Task directions: From the records below, take each line where the string "Vintage" shows up and copy it.

------ Extracted records ------

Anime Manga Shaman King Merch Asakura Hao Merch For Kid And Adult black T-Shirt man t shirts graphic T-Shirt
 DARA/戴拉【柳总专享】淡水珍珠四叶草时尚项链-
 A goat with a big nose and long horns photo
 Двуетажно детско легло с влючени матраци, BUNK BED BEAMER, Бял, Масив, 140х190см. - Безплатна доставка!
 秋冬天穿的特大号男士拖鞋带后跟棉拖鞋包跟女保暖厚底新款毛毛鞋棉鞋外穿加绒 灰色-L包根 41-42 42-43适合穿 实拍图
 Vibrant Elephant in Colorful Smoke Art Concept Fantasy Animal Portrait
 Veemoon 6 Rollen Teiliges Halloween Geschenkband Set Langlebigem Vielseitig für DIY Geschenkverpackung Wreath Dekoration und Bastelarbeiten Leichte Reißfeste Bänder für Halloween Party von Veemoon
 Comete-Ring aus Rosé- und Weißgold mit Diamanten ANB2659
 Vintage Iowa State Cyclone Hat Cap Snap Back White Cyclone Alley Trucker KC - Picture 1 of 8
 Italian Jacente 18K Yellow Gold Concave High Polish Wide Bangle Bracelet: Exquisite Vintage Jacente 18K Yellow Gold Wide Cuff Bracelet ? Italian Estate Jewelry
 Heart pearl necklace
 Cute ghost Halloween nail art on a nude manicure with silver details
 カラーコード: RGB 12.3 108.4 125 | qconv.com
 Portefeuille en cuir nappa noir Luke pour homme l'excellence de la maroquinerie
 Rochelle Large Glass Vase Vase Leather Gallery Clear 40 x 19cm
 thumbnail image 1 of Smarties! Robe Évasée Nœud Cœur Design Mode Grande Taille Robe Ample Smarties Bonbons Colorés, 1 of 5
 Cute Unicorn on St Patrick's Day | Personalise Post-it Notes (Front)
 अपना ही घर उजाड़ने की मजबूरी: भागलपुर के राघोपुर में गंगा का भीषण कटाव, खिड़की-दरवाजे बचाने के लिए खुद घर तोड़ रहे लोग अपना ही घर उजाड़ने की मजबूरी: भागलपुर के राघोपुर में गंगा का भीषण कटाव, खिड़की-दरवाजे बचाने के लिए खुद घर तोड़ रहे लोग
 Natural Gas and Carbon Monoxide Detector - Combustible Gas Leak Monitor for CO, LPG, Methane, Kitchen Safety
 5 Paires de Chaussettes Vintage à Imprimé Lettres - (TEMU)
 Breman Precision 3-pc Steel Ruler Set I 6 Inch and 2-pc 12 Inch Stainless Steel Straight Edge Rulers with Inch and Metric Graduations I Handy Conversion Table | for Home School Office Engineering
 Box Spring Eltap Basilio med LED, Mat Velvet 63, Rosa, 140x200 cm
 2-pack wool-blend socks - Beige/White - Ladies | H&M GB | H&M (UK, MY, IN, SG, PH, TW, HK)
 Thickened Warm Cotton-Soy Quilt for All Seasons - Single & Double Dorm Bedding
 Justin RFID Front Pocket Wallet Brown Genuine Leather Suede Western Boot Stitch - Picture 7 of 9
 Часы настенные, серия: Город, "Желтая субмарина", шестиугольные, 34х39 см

------

Solution to this exercise:
 Vintage Iowa State Cyclone Hat Cap Snap Back White Cyclone Alley Trucker KC - Picture 1 of 8
 Italian Jacente 18K Yellow Gold Concave High Polish Wide Bangle Bracelet: Exquisite Vintage Jacente 18K Yellow Gold Wide Cuff Bracelet ? Italian Estate Jewelry
 5 Paires de Chaussettes Vintage à Imprimé Lettres - (TEMU)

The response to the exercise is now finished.